Conflict was another “C” that Duffy addressed was a driving factor of migration. He spoke about ongoing war-torn countries like Syria, the Democratic Republic of Congo, South Sudan, Myanmar and Afghanistan, and envisioned a world where conflicts like in those countries were reduced.
“We can hope and pray that all these conflicts are resolved and at least managed,” says Duffy. “But who would be optimistic to imagine that would happen? Indeed, as the world is turning increasingly to authoritarian leaders, we rely on existential threats to justify their oppression; conflicts appear more likely than not.”
Duffy shared the final “C”, which he said was climate change. He referenced how current temperatures are more extreme, and that essential resources for land and fresh water are becoming more scare.
“Some low-lying coastal areas like Bangladesh are densely populated. Inevitably, this will result in migration that is likely to exhilarate in pace and scale,” Duffy says. “I recognize what I’ve painted is a very bleak picture, but I do not see a reduction in these migration trends in the foreseeable future.”
Brazil, according to Duffy who shared reports on current government infrastructures, withdrew from the UN compact agreement this year, which encourages businesses worldwide to adopt sustainable and socially responsible policies. Duffy added that Thailand has had an anti-immigrant “crack down amid fear of immigrants stealing their jobs.” Additionally, in Africa, Duffy highlighted that there is a high anti-immigrant feeling already spreading in Nigeria, Kenya, and South Africa.
“South Africa has been rocked by violent attacks on immigrants who they claim is taking their jobs,” says Duffy.

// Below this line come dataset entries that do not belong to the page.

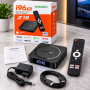 Смарт-ТВ-приставка I96 Z18 Android TV/Приставка для TV 4/32 ГБ, Wi-Fi 2.4/5 ГГц, 4K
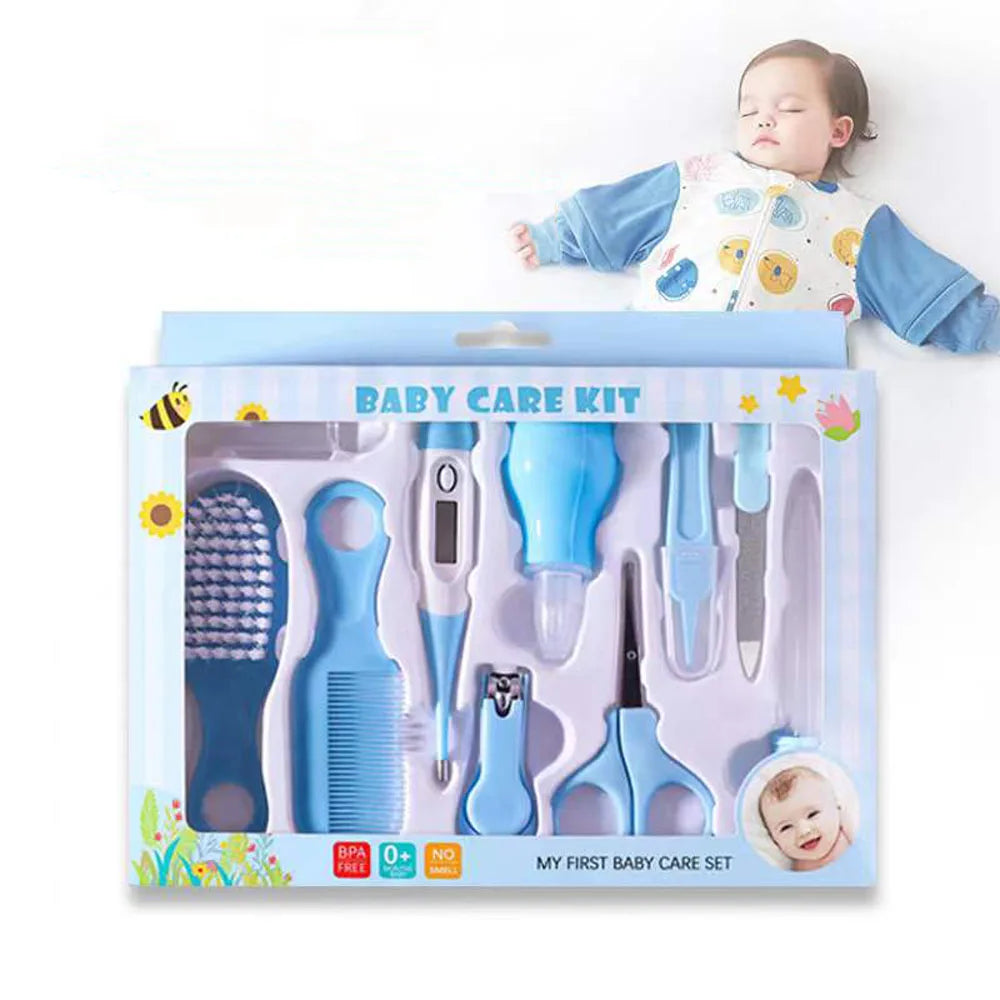 Kit de soins de santé pour bébé, 10 pièces/ensemble
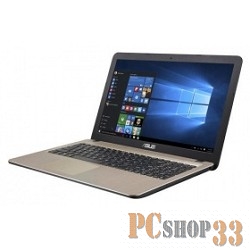 Ноутбук Asus X540YA-XO047T 90NB0CN1-M00670 black 15.6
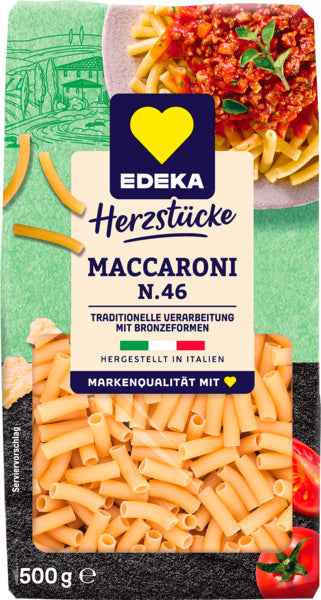 EDEKA Originale Maccaroni 500g foodpipe [Lebensmittel-Lieferservice Rostock]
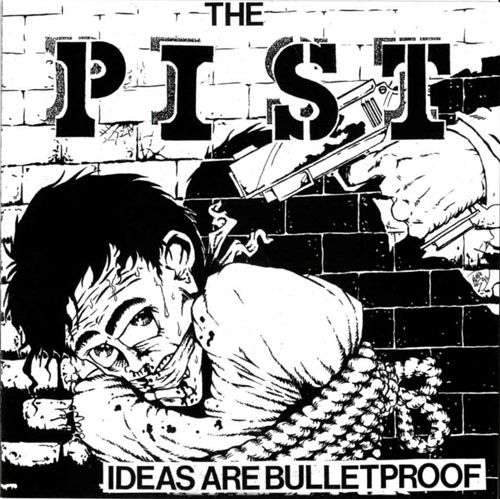 Cover The Pist - Ideas Are Bulletproof (LP, Album, RE) Schallplatten Ankauf
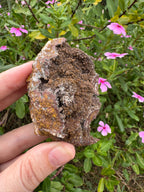 Manganese Quartz Cluster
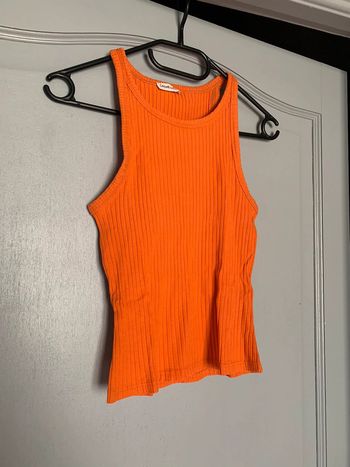 Débardeur orange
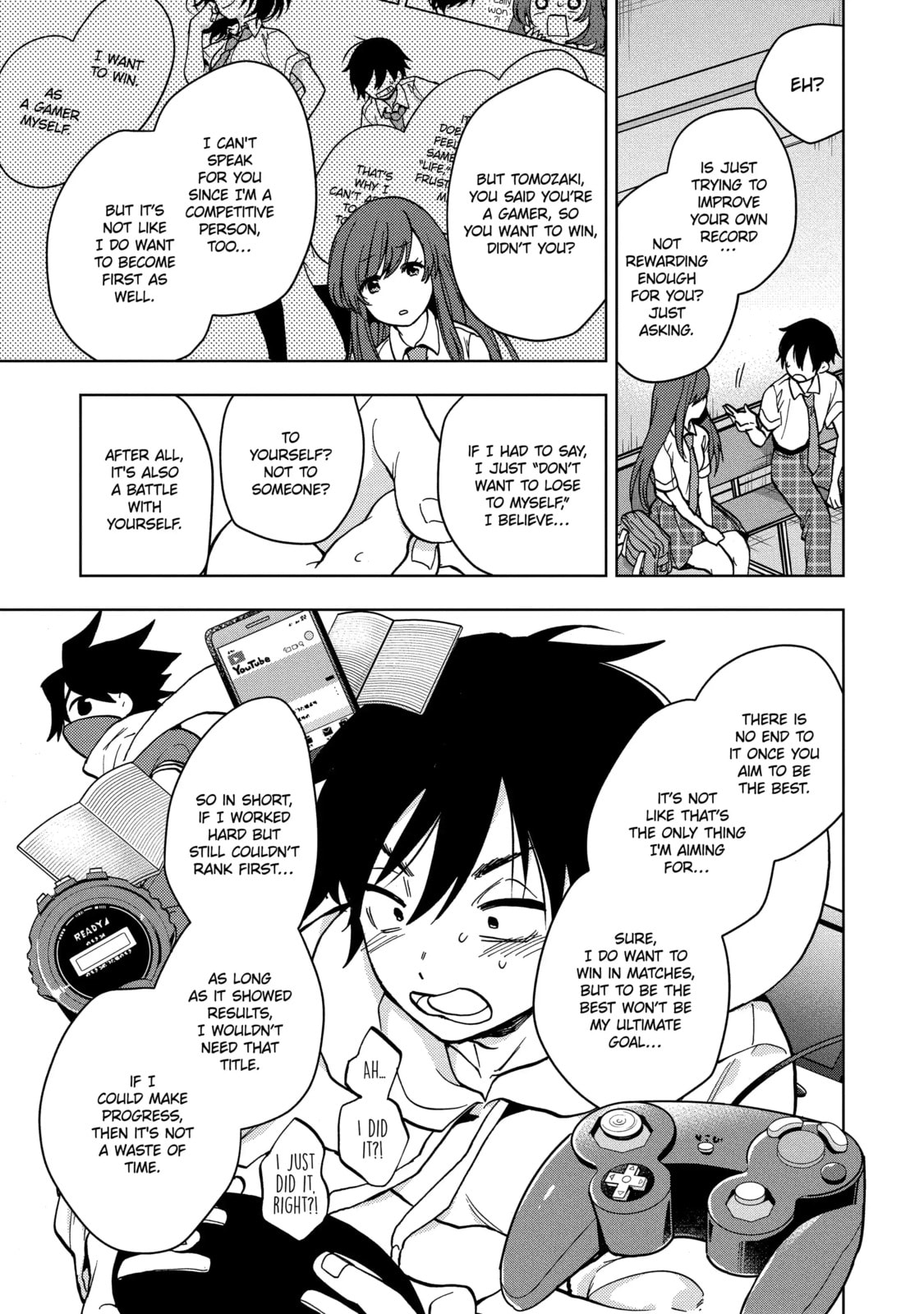 Read Bottom-tier Character Tomozaki chapter 18.3 image 6 on Lezhin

Amidst the dismal information, Duffy voiced why we as a people should not see immigrants as our enemies. “Many have made valuable contributions to our society,” he says. “Google was started by a Russian immigrant; the genius behind Apple, Steve Jobs, was the son of a Syrian immigrant, and they are not the exception.”
Duffy shared one last “C” that needed to be added and was most important: compassion.
“Who is speaking up for justice for all?” asks Duffy. “Who is having compassion for the less privileged and the marginalized? If not us, then who? If we use our combined voice it is a force that cannot be ignored. We also have a role to play in our own faith communities, to change the dialogue of hate and ignorance to peace, love, and acceptance.”
ADRA will be highlighting services around its networks to honor Refugee Sabbath, officially designated by the Adventist Church for June 15. The United Nations also sanctioned June 20 as World Refugee Day honoring families who are forced to leave their homes at no fault of their own.